O que surpreende, imediatamente, neste livro da jovem, ainda muito jovem escritora mineira Marcela Dantés, é a maturidade de quem entendeu muito cedo que escrever ficção é o rito sagrado de encontrar no seu silêncio o sentimento da frase. Isto mesmo, escrever ficção é a revelação da alma, não pode parecer, sequer parecer com redação escolar.
O romance Nem Sinal de Asas, publicado pela Editora Patuá, São Paulo, conta o sentimento – e não a história – de Anja, a quem faltam as Asas -, com uma habilidade que é puro coração e alma. Vem daí a paixão das frases, da união das palavras. Enfim, o sentimento.

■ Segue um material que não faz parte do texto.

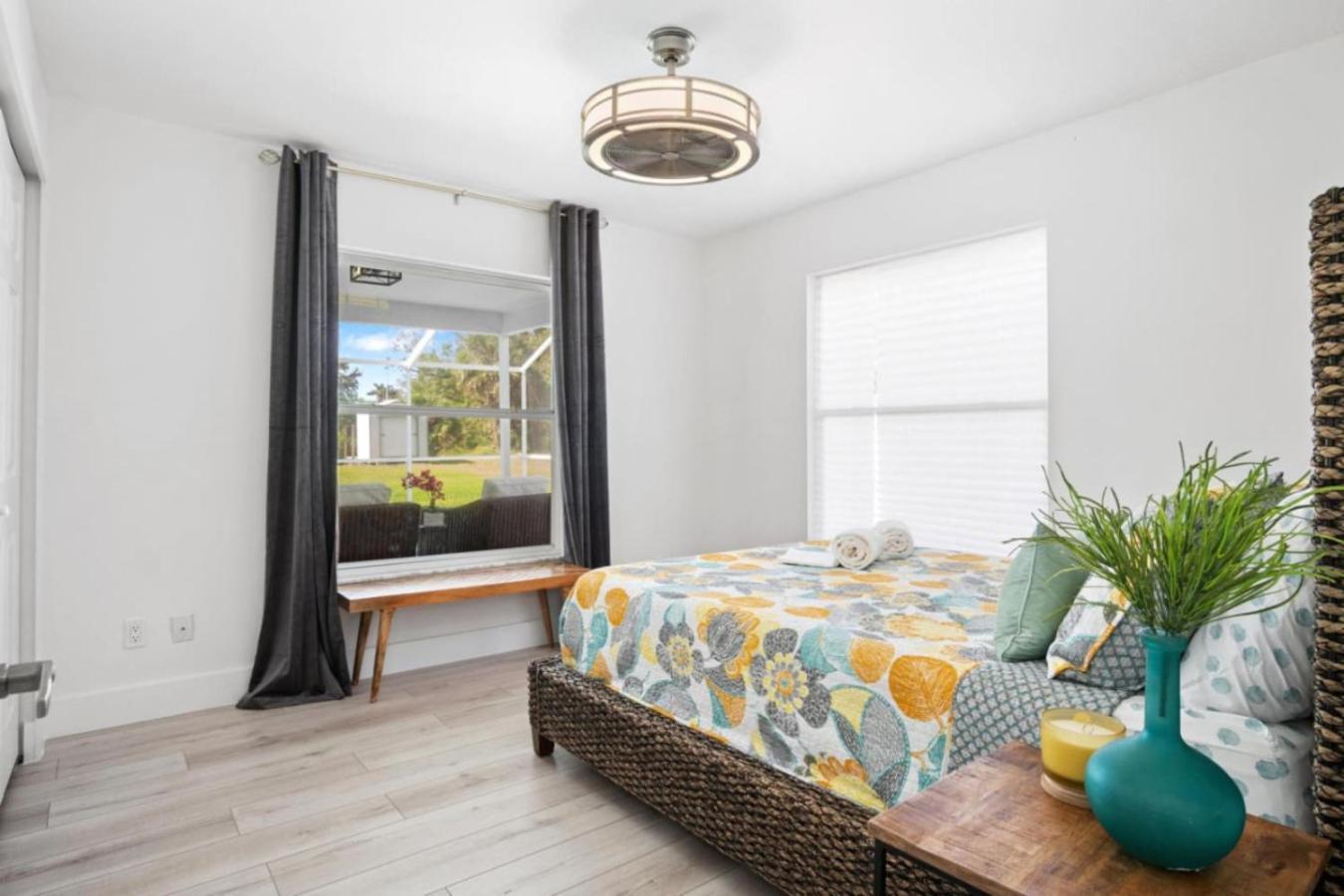 Modern Comfort In Naples, Close To Everything * Naples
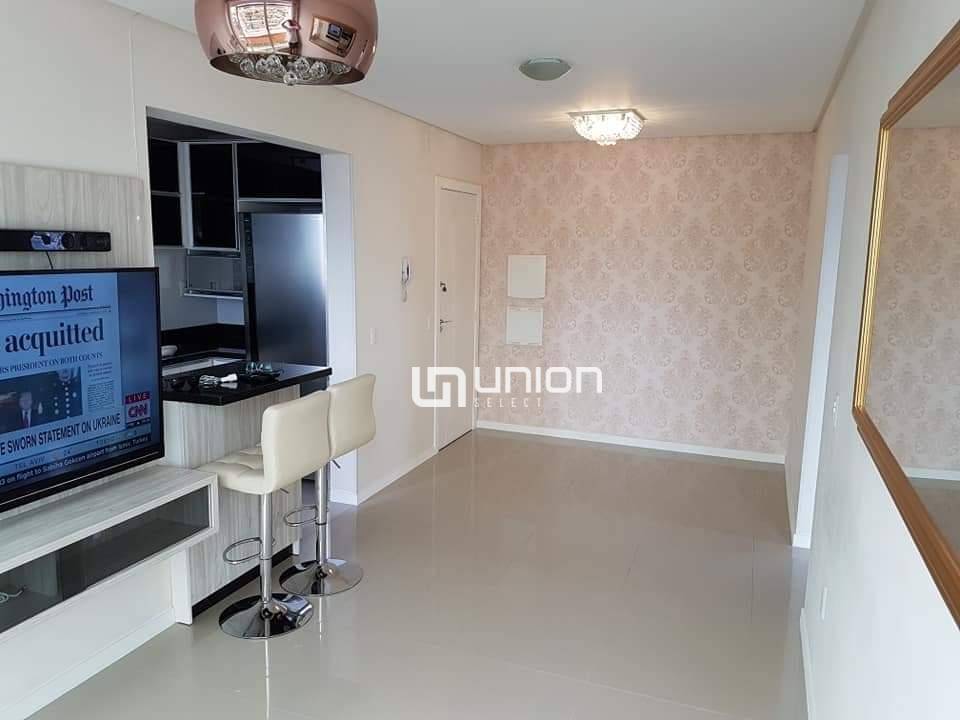 Apartamento à venda com 2 quartos, 83m² - Foto 2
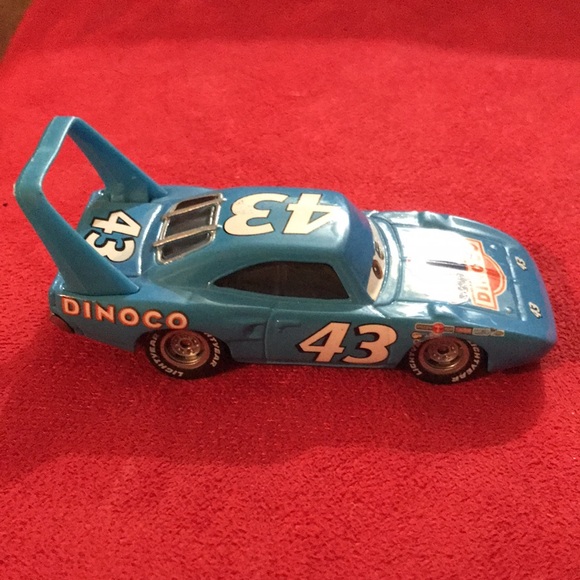 Disney Pixar Diecast Pinoco Car Lot! - Picture 3 of 11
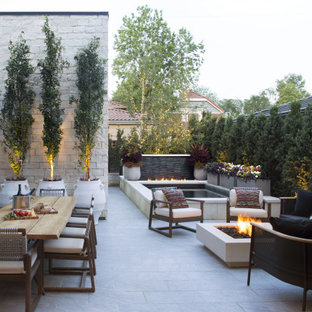 Esempio di un grande patio o portico design in cortile con un focolare, pavimentazioni in pietra naturale e nessuna copertura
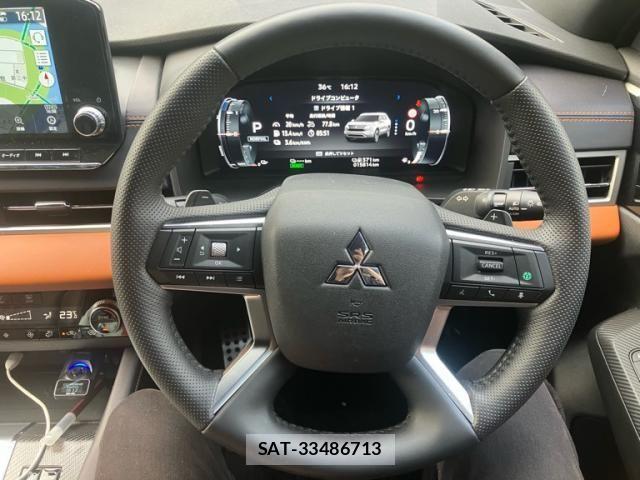 Mitsubishi OUTLANDER PHEV 2022-07 8316300-19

Leiam agora, por favor, é ela, é a narração com a voz que vem de Marcela, a que escreve, mas não conta: ”Nunca usou diminutivos em excesso ou aquela voz desafinada que algumas pessoas pareciam achar que era o único som que crianças como Anja eram capazes de entender.”
Assim mesmo, o autor ou autora não pode assumir o lugar do personagem ou da personagem que conhece a intimidade do texto. Um equívoco enorme. A intimidade do texto é do/da personagem cuja vida está em jogo. Portanto, é dele ou dela, o sangue e o suor.
Uma verdade que poucos procuram entender: O autor/a não é o narrador, portanto não se meta; sem adjetivos inconsequentes e barulhentos; sem tempos verbais óbvios; sem frases vaidosas; o narrador/a é um/uma personagem escolhido pelo autor para abrir portas com a chave mágica.
Assim, é um sentimento, uma melodia que termina por contar uma história, se é uma história que a gente quer ler. Seja feita a vossa vontade. Marcela parece dizer. E acrescenta, mas isto aqui não é um jornal, não tem notícias, tem vida. Duas grandes escritoras brasileiras alcançam este efeito: Clarice Lispector e Hilda Hilst.
Marcela Dantés conhece tudo isso. E usou estas ferramentas para escrever este livro – Nem Sinal de Asas – que é uma lâmina cortando a pele do leitor. Não é um romance, não é uma novela, é o sangue escorrendo nas veias. Quem viver, leia.